Re: EuGTK and UTF-8
- Posted by jimcbrown (admin) Dec 16, 2012
- 1645 views
You have to understand something more about the syllabic characters and its composition and usage on computers. For a long time we were restricted to 128 character set, which was later expanded to 256 character set.This essentially is based on using ONE BYTE per character. Keyboards do not have 256 keys and various schemes are devised to enter the 256 variations of glyphs for a given language font.
Agreed.
Based on these restrictions and need for using their own languages, most major languages created their own alternative glyphs and methods of joining BUT ALWAYS WITHIN THE 256 GLYPH availability.
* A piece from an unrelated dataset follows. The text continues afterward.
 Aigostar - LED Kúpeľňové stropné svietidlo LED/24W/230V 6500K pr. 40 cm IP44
I mentioned Hindi Saral font, which is one of those simplifications.
Not true. Even simplified hanzi can't fit into 256 characters. Notice that GB2312 was encoding in two bytes (16 bits) with EUC-CN. And of course, GB2312 is a very incomplete set of hanzi (though enough for the simplest of everyday uses).
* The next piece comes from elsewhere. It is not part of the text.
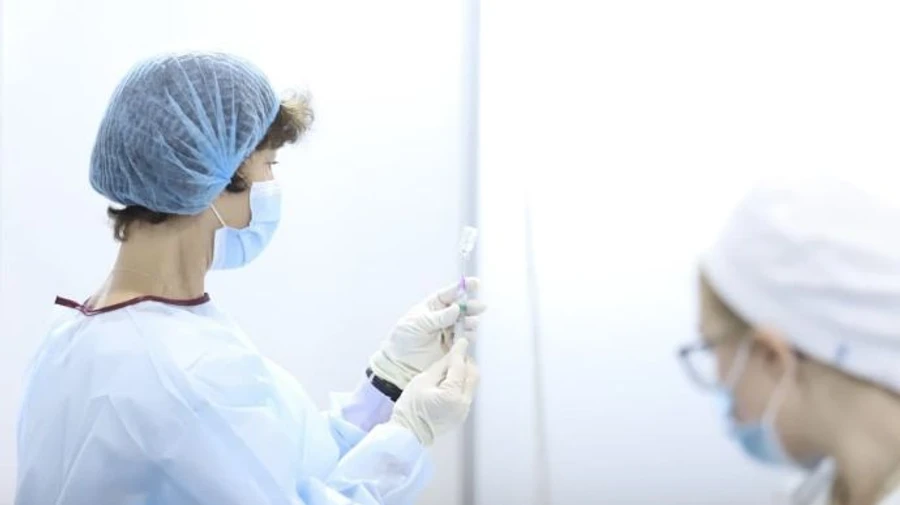 Ще 311 тисяч українців щепилися проти Covid, дві третини – другою дозою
Although the chinese have need for many more glyphs, The Hanzi font you mentioned is available as a one byte font
http://www.fontpalace.com/font-download/Hanzi-Kaishu/
I did not mention that font. Looking at the character map, it looks like one of those joke fonts that map Roman letters to random hanzi.
Those fonts can be fun, but even a 5 year old child needs more hanzi than provided by the character map. It's impractical for everyday use.
The Chinese did ask for and in fact they created an extension from 64K Unicode Glyphs to a 21 bit Unicode to accommodate these.
And even this was not enough to represent all hanzi.
http://unicode.org/reports/tr28/tr28-3.html#13_7_variation_selectors
The Korean Unicode block for Hangul is 256 character block
Unicode Hangul Jamo (U+1100U+11FF)
Hangul Jamo just covers the individual letters. However, Unicode embeds Hangul syllablic blocks as individual characters as well.
Hangul defines 10 vowels and 14 constants. Counting all possible CV and CVC combinations leads to a minimum of 2100 syllablic blocks.
14*10 + 14*10*14 = 140 + 1960 = 2100
Actually, there are even more, since some words encode extra constants beyond the simble CV and CVC combination. E.g. 없어요 (eopseoyo - to not have / to not exist).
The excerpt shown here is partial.